From Money and Banking:

“Housing debt typically is on the short list of key sources of risk in modern financial systems and economies. The reasons are simple: there is plenty of it; it often sits on the balance sheets of leveraged intermediaries, creating a large common exposure; as collateralized debt, its value is sensitive to the fluctuations of housing prices (which are volatile and correlated with the business cycle), resulting in a large undiversifiable risk; and, changes in housing leverage (based on market value) influence the economy through their impact on both household spending and the financial system (see, for example, Mian and Sufi).

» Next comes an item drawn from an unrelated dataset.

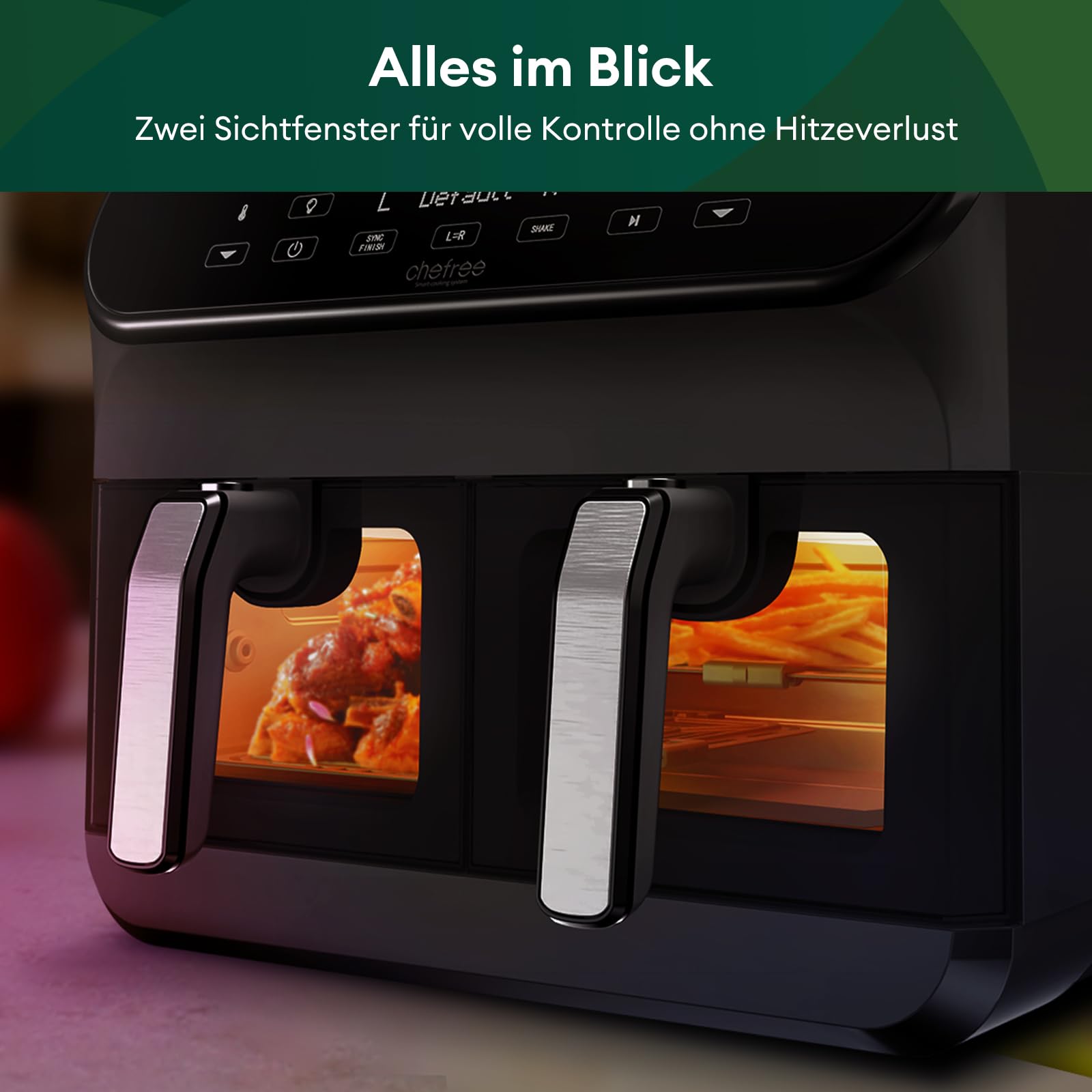 CHEFREE Dual Zone Heißluftfritteuse mit Sichtfenster, 8L XL Kapazität Doppel-Airfryer,LED-Touchscreen,Antihaftbeschichtung, 8-in-1 ,Smart und Timer-Funktion,spülmaschinenfeste Körbe,Schwarz,AFW20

In this post, we discuss ways to assess housing risk—that is, the risk that house price declines could result (as they did in the financial crisis) in negative equity for many homeowners. Absent an income shock—say, from illness or job loss—negative equity need not lead to delinquency (let alone default), but it sharply raises that likelihood at the same time that it can depress spending. As it turns out, housing leverage by itself is not a terribly useful leading indicator: it can appear low merely because housing prices are unsustainably high, or high because housing prices are temporarily low. That alone provides a powerful argument for regular stress-testing of housing leverage. And, because housing markets tend to be highly localized—with substantial geographic differences in both the level and the volatility of prices—it is essential that testing be at the local level.”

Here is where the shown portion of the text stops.